ACTION ITEM: Without the pictures, print each of the records below exactly as it appears.

(Short descriptive text snippets)

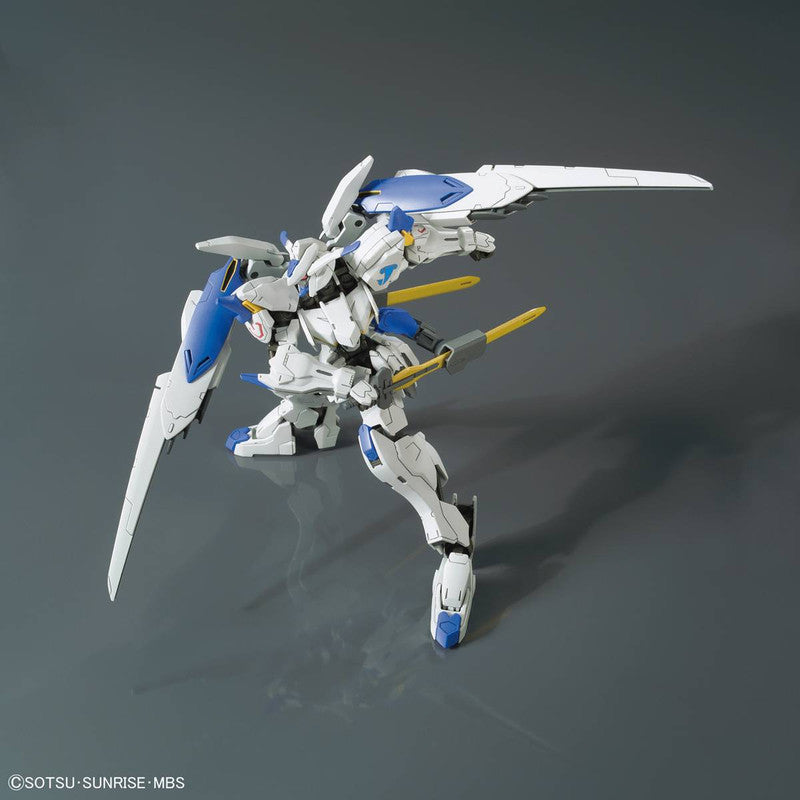 HG 1/144 Gundam Bael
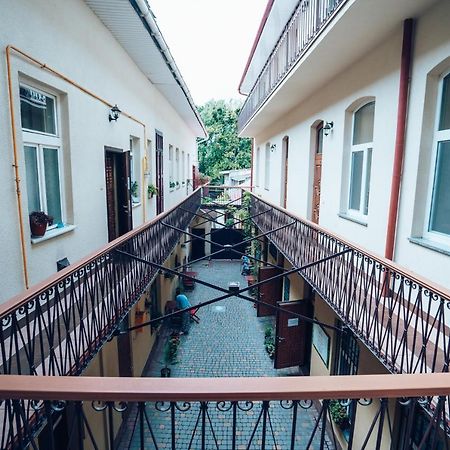Wonderful flat on city center  Uzjhorod Exteriör bild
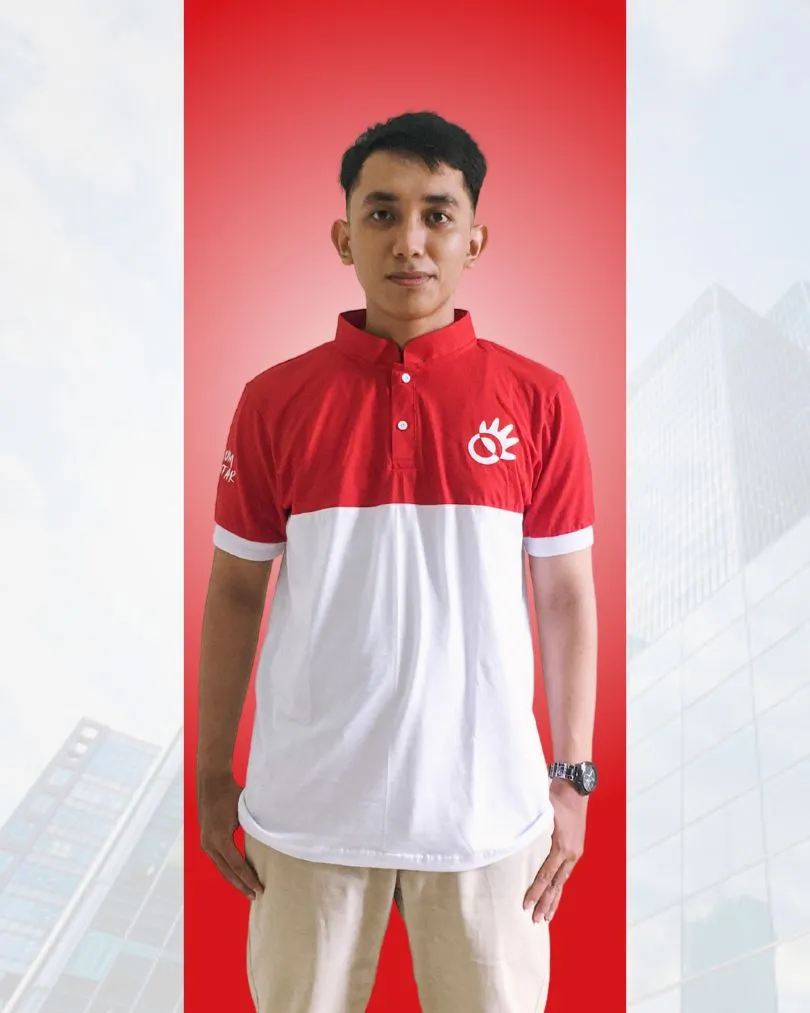 Kaos Shanghai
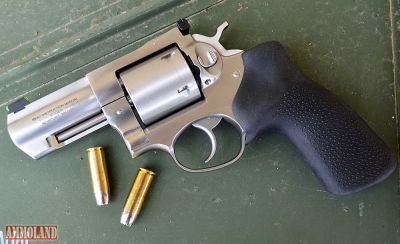 Ruger GP100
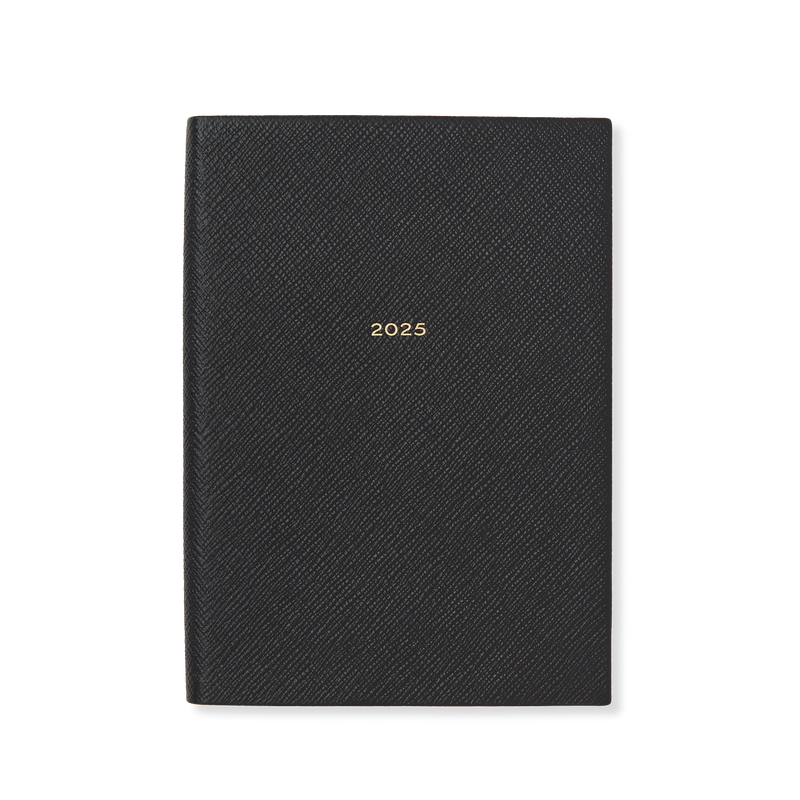 2025 Soho Daily Diary in Panama
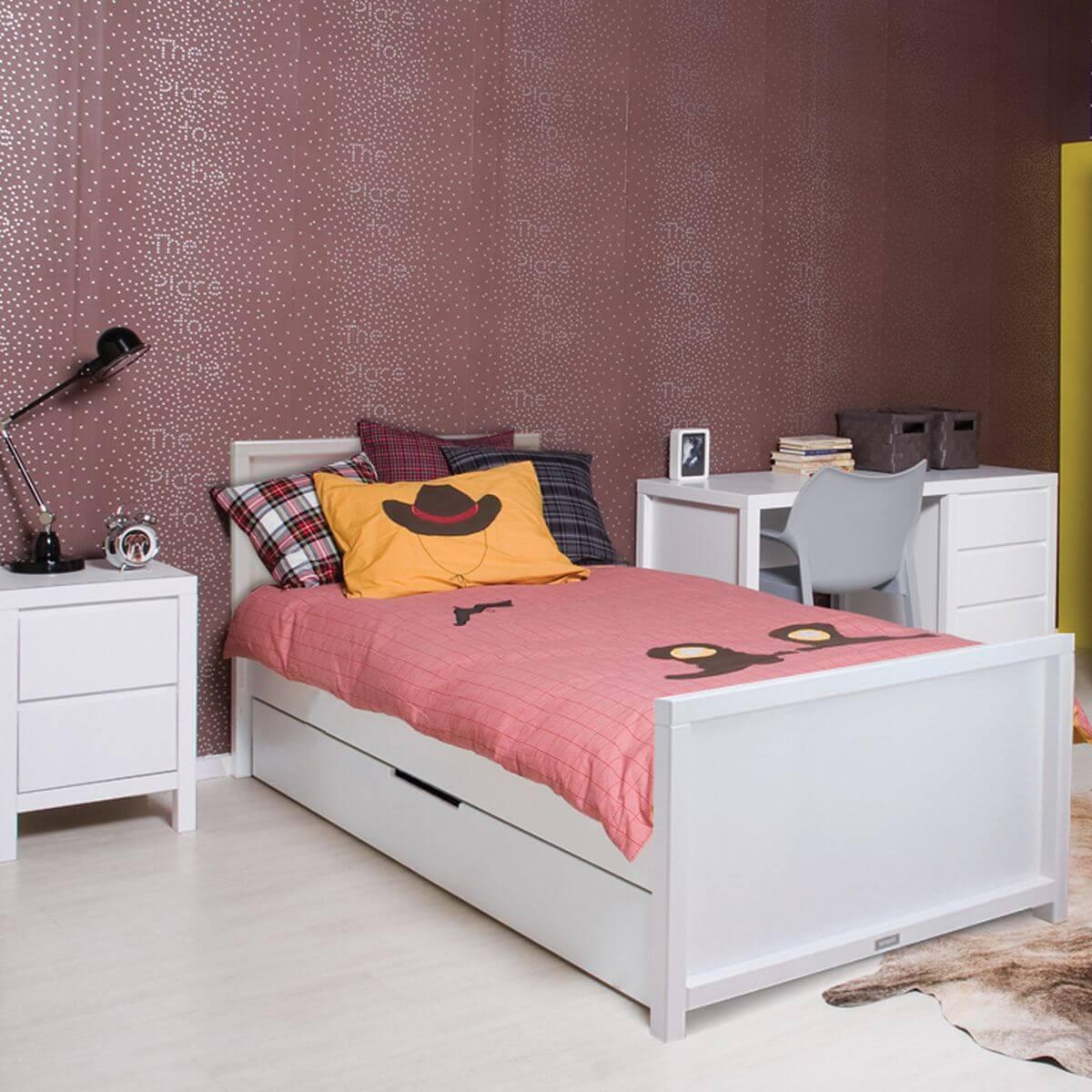 CORSICA by Bopita Table de nuit enfant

TASK RESPONSE:
 HG 1/144 Gundam Bael
Wonderful flat on city center  Uzjhorod Exteriör bild
 Kaos Shanghai
 Ruger GP100
 2025 Soho Daily Diary in Panama
 CORSICA by Bopita Table de nuit enfant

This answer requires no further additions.